→ What to do
Set down exactly the lines below, from the one containing "vidaXL Πάγκος Taupe" through the final line, and include no others.
>>>
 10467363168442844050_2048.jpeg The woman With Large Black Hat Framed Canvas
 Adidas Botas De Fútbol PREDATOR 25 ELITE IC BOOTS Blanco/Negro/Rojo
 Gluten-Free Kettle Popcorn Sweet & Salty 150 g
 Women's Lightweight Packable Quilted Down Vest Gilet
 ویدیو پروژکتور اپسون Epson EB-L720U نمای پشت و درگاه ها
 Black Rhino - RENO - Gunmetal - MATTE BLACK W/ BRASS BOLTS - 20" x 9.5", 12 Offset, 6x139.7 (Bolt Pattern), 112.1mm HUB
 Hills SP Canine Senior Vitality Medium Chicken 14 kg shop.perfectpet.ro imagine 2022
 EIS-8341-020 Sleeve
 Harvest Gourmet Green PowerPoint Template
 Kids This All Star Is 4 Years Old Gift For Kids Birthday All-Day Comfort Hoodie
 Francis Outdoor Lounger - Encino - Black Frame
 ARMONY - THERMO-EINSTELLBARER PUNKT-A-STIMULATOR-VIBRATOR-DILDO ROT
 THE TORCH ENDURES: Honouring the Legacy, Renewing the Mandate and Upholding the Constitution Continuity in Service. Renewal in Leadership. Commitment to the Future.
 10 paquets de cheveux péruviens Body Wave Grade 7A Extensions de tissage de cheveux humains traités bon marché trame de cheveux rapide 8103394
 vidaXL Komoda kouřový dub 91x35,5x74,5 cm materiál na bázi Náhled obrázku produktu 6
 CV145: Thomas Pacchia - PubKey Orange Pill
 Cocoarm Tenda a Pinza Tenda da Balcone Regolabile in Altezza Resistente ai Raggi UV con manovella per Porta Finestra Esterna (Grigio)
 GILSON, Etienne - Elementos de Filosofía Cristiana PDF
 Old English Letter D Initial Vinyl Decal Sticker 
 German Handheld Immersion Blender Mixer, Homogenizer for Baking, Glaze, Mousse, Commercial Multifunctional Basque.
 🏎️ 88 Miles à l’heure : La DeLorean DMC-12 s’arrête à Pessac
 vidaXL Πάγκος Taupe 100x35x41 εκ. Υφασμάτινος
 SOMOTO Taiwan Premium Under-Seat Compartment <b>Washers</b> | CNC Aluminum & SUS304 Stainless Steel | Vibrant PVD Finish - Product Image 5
<<<
→ Answer box
 vidaXL Πάγκος Taupe 100x35x41 εκ. Υφασμάτινος
 SOMOTO Taiwan Premium Under-Seat Compartment <b>Washers</b> | CNC Aluminum & SUS304 Stainless Steel | Vibrant PVD Finish - Product Image 5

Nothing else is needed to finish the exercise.